It is depressing how few beekeepers - of all people - seem to grasp the concept of sustainability.


----------



## MrGreenThumb (Apr 22, 2007)

Why is it that when using Lang hives others seem to think it will cost more to harvest honey from them? It would just be as easy to cut comb from a Lang hive with a knife and and place the comb in a bucket.
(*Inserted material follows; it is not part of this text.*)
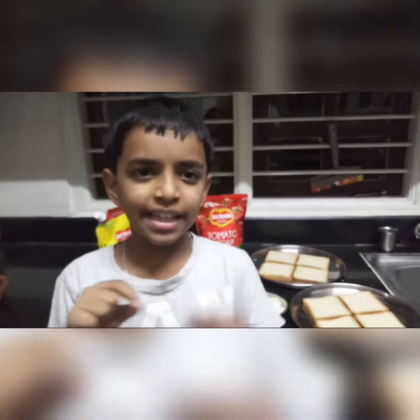Hi guys, welcome back and today is my snacks corner. Today I am gonna make veg cheese sandwich. It is very yummy.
Also, the cost of materials, for Langs, would more then pay for itself with the extra honey harvested.

If feel that a person can build a TBH and a Lang 'style' hive cheaply and manage the hives with the same attention to detail and care for the bees and get great honey

But to say the TBH is more 'natural' and easy for the bees is just an opinion...IMHO. 
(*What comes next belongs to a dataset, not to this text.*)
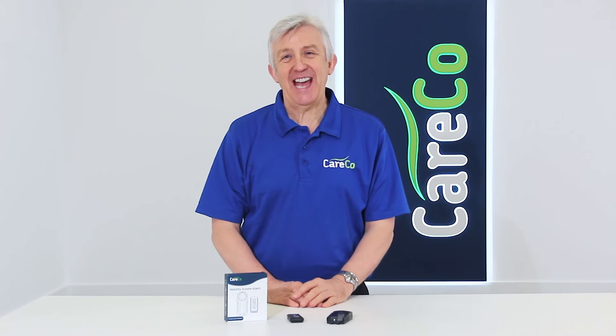If you'd like more details about the Mobility Scooter Alarm, simply go to careco.co.uk, pop into one of our showrooms, or give us a call. Thanks for watching. Take care.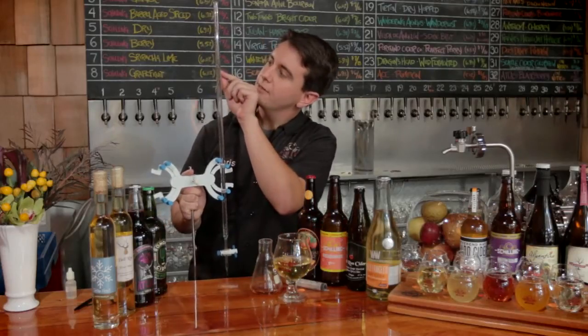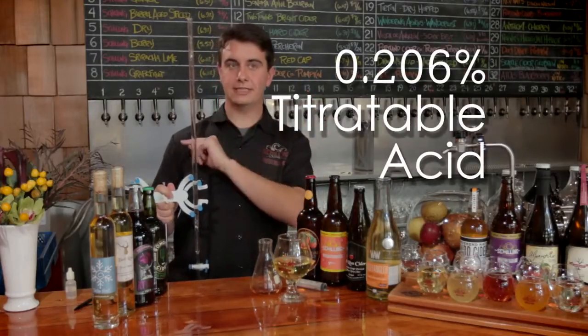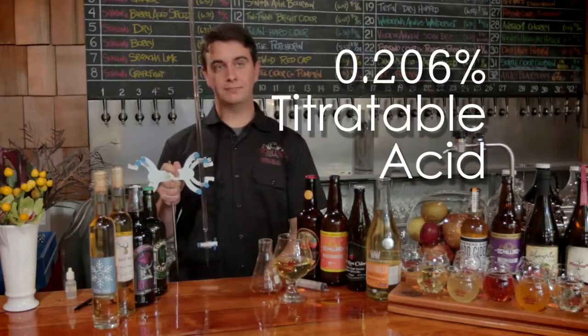That looks like it right there — we've got this beautiful sunset color. Now that we've hit this color change point, we will be looking to see how much of the sodium hydroxide has been used in the reaction. I can see my reading here — it's about 10.3 milliliters. To convert it to the final percentage, you double it, so it becomes 20.6, and that will be the number to the right of the decimal point: 0.206% titratable acid, which is on the lower side of acidity.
My best hives, all handmade using no power tools, are those that are modeled after the Lang hive with a few personal touches...no bought foundation, smaller hive bodies and have a nice appearence) And not cost a ton to make....









buckbee said:


> By exporting Langs to people who don't have the appropriate timber cutting machinery to build them themselves sets up the same kind of dependency that the GM corporations create when they 'persuade' a poor country's farmers to adopt a technology they neither need nor can afford.
> Properly managed TBHs are perfectly suited to places where people need a simple method of beekeeping that does not require huge expenditure of either cash or energy to maintain the operation. To run a beekeeping operation with TBHs is simplicity itself - all management and harvesting can be done using simple tools and basic equipment, like a knife and a bucket. Compare this to the relatively huge investment in stainless steel and electricity required by a beekeeping setup based on Langstroth hives: I don't need to itemize it here.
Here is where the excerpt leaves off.